Having attended both Saturday and Sunday games, last night I was seven long hours into a weekend of horrible baseball. I almost started to agree with what the host Dodger Stadium fans and countless Facebook status updaters cleverly suggested: Yankees suck. But that eighth hour of long-awaited grinding offense was heartening.
Great game. But it should not have been. Only a sputtering Yankee offense could turn a Vicente Padilla outing into a Ford-Koufax pitchers duel. Except I don’t think Koufax wasn’t as into drilling opposing batters for no reason in a tight game.
When purchasing tickets back in March for Saturday’s game, I took the 80% chance that Burnett would not be on the mound for this game. He might be going through this slump as a personal favor to Javy Vasquez so AJ can assume the full burden of the fans’ ire. But Javy has started to show signs of his NL self, so ire-redirection is made slightly easier. It’s a sad case when watching the Yanks put 3 on the board before an out is
recorded and saying to yourself “OK, now we just need a couple more 3 run shots to have a chance in this game”. Four interminable hours later, it was clear that two more 3-run shots would merely have tied the game.
AJ Burnett’s games are becoming more of a “pass” that Vasquez’s. Pre-pinstripes, everyone said AJ only has to be healthy to become a dominant pitcher; that his health was the only thing preventing greater success when he was with Toronto. Well, we are led to believe he’s been healthy his entire time with the Yanks and he still gaks with the best of them. He’s like a heavy-set woman whom you think would be attractive if she dropped 20 lbs, but next time you see her, she’s that much lighter and equally unattractive. I have the go-ahead to say that since I, too, am skinny and unattractive. But I still think I’ll be disqualified as a “People All-Star”.

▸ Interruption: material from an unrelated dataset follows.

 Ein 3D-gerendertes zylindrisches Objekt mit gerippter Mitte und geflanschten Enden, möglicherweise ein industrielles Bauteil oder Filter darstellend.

So after Girardi shockingly let AJ hit for himself with the tying run on 3rd and one out in the 4th – this, after Burnett made an open and shut case for being yanked due to lack-of-being-anything-remotely-resembling-effective – I can only hope the skipper did an imitation of me whenever I lock my keys in the car. It involves finding the nearest brick wall and banging my head against it, “Stupid! Stupid! Stupid!” Anything short of that makes me fear his head is in a mystical faraway land of gnomes and sprites. Neither of
which I’ve noticed in the Bronx. Though admittedly, they are more likely to appear in LA.

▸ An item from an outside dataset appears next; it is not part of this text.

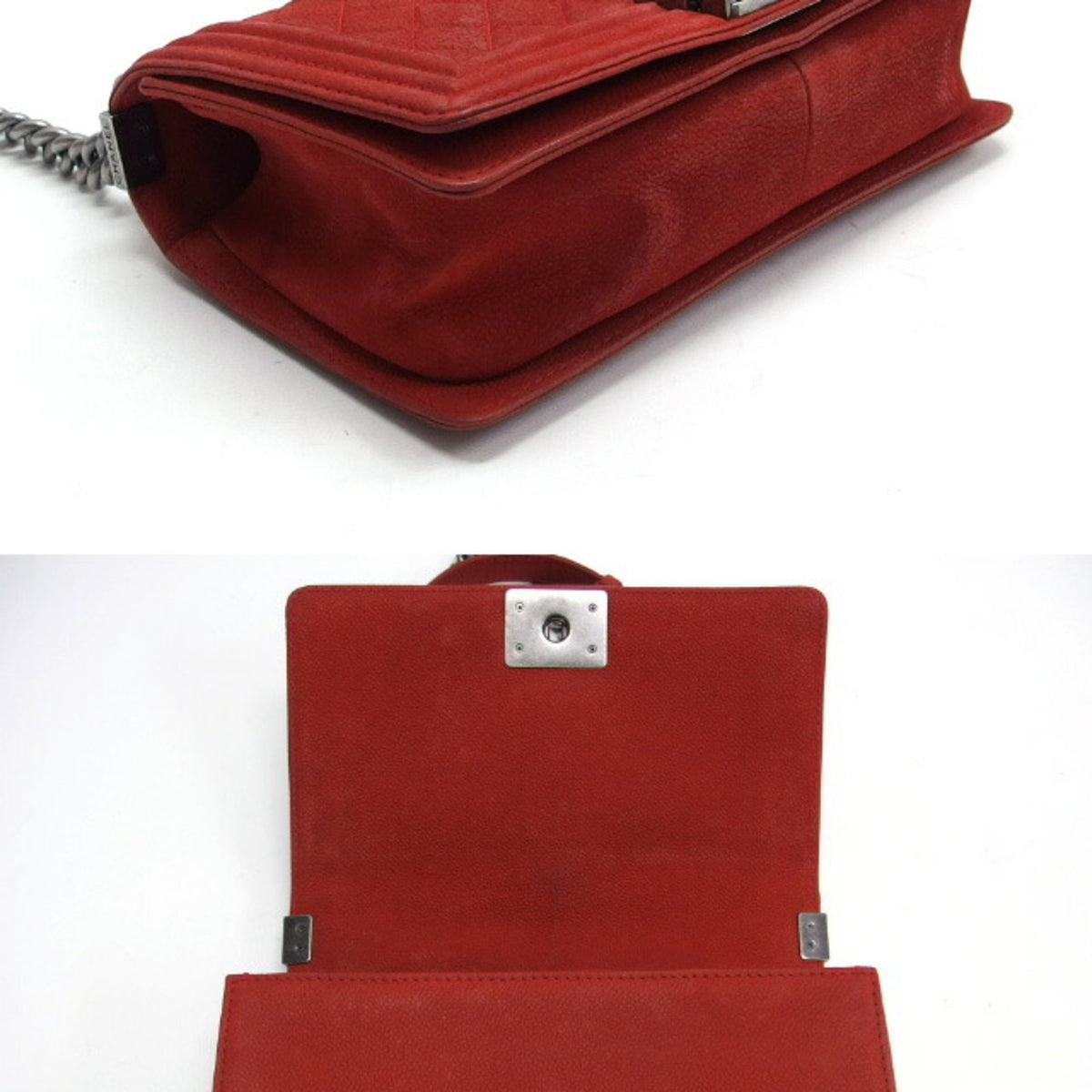 Chanel Red Color Grained Calfskin Shoulder Bag (Pre-Owned)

Much as I like Mr. Torre, he was his old self in helping the Yanks come back on Sunday night. I had noticed last Thursday he brought in his stopper Jonathan Broxton with a 5 run lead (I think there were two men on, so Torre was clearly protecting against three consecutive home runs that would have tied the affair… the iron-clad rulebook calls that a save, afterall). That precluded Broxton from the Friday game, which proved to be
academic. Then in the Saturday debacle, he again saw a 5 run lead in the 8th as tenuous enough to go to his stopper for an extended save. In fact, in watching this I was hoping the Yanks would battle and make him work a bit so he’d be less effective the next night, but I was actually disappointed in how efficient Broxton was against them that day. But I
guess it was enough. Again, the rulebook tells us that protecting a 3 run lead for one inning = save, so naturally, they had to go with Broxton in the 9th yesterday. Yes, the Dodgers added an insurance run (nullifying the “save situation”), but it was after two were out and no one was on, so Broxton was heated up and ready. I think his use in this game in and of itself was less egregious than the day prior. This is arguable, but put
them together and you got yourself a whole mess of “Joe T. wuz here, 6/27/10”.
Overuse of his stopper was not nearly enough to earn Torre the Knucklehead Award ™ however. That went to co-candidates Russell Martin and Garrett Anderson, who conspired to leave their team without a catcher and a leftfielder in an extra inning game by popping off to home plate umpire Chris Guccione about balls and strikes. Maybe he had a quick trigger, but there’s no reason to put yourself in that situation. Even with the
built-in excuse “it was an emotional game”.
I was amused at the conclusion of the 7th inning of Saturday’s ugly Yankee loss when some Dodger fans in my section loudly made light of all the Yankee fans that started defeatedly filing out of the stadium at that point. They must not have taken note that it was the Dodgers who just went down, so the fans leaving the stadium were the thousands of stereotypical Dodger fans headed for the exits.
And another thing!
At ballparks, I tend to eschew the traditional stadium fare of hot dogs and beer and instead go for a soft serve. So after observing the menu and which line was giving heartier servings, I firmly, loudly, and confidently walked up to the Frozen Yogurt Lady and had this exchange:
Cappiello: Hello, I’d like a chocolate frozen yogurt in a white cup please.
(they also had pink)
FYL: You want mix? (as in “swirl” flavored)
Cappiello: Chocolate, please.
Cappiello: Chocolate, please.
[Cappiello receives the mix flavor, sighs, and slinks away, frustrated. But maybe the frustration was really because the concession stand inexplicably did not have the game on.]